# Thanx Roland



## GouRonin (Aug 30, 2002)

Roland went down to see Vlad with me this week. Now Vlad has the week off because his wife just had a baby but we still went to keep working.

Some great crazy knife work we got to do. 2 men with knives attacking you while you're unarmed. Fun. Then we took it to the ground. 2 unarmed men attacking an armed man.

One thing I enjoyed was the lack of use of pre-arranged techniques.

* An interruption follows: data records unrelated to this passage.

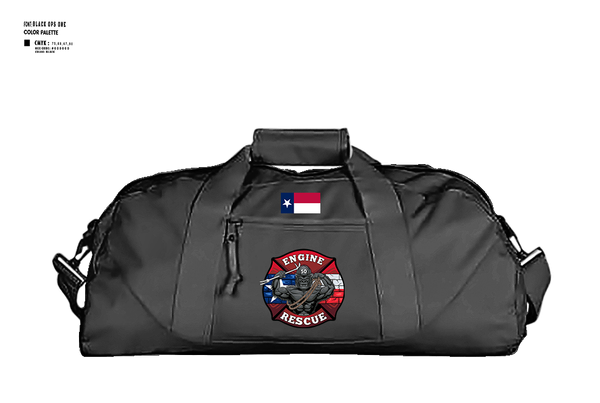 Duffle Bag, Goon 50, Fire Department, Teamtime, Team time, sublimation, custom sports apparel, team uniforms, spirit wear, spiritwear, sports uniforms, custom shirts, team store, custom team store, fundraiser sports, apparel fundraiser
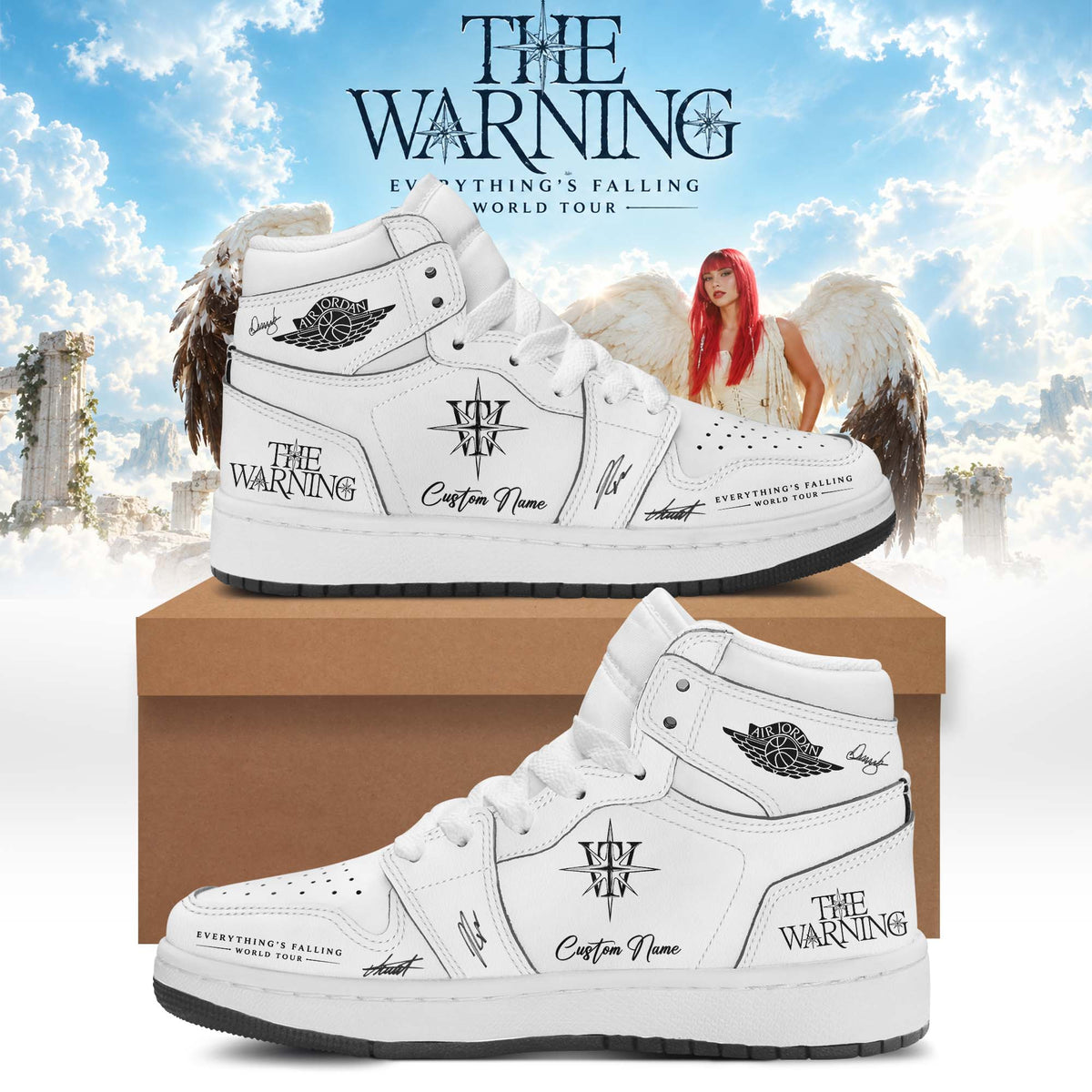 Custom The Warning Merch Everything's Falling Tour Sneakers Great Gifts For Rock Fans - Foxy23shop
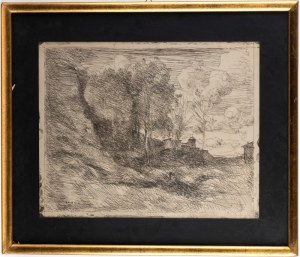 Jean-Baptiste Camille Corot (1796-1875), Souvenir d'Ostie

The flow was spontanious.


----------



## arnisador (Aug 30, 2002)

> _Originally posted by GouRonin _
> 
> *Some great crazy knife work we got to do. 2 men with knives attacking you while you're unarmed. *



Give us an idea of how you were directed to respond!


----------



## Jay Bell (Aug 30, 2002)

"Don't die"


----------



## GouRonin (Aug 30, 2002)

> _Originally posted by Jay Bell _
> *"Don't die"  *



I see you've been there.

Ha ha ha!

Anyway, that was about it. Accept that you will get cut but move naturally using the concepts talked about. In fact at one point I was moving ok then it seemed like all the heavens came into alignment and I looked down and saw a disarm that Renegade :erg: once taught me to I did it and it flowed so nicely that the knife shot out of the attacker's hand and stabbed the guy beside him trying to attack me.

If I had been looking for that disarm I never would have seen it.


----------



## Klondike93 (Aug 31, 2002)

> _Originally posted by Jay Bell _
> 
> *"Don't die"  *




Hmmm, I got the same answer from my instructor  :rofl: 



:asian:


----------



## GouRonin (Aug 31, 2002)

There is only _"die"_ and _"don't die"_. There is no inbetween.

Except if you're dating my ex-girlfriend. Then it's a slow lingering death that never quite comes but you're not really living either.

But I'm not bitter...
:iws:


----------



## Roland (Sep 2, 2002)

..is how the instructor was explaining it to us.
Martin Wheeler pretty much said the same thing while working with him this past weekend too.

Gou, you are welcome, but it was totally my pleasure.


----------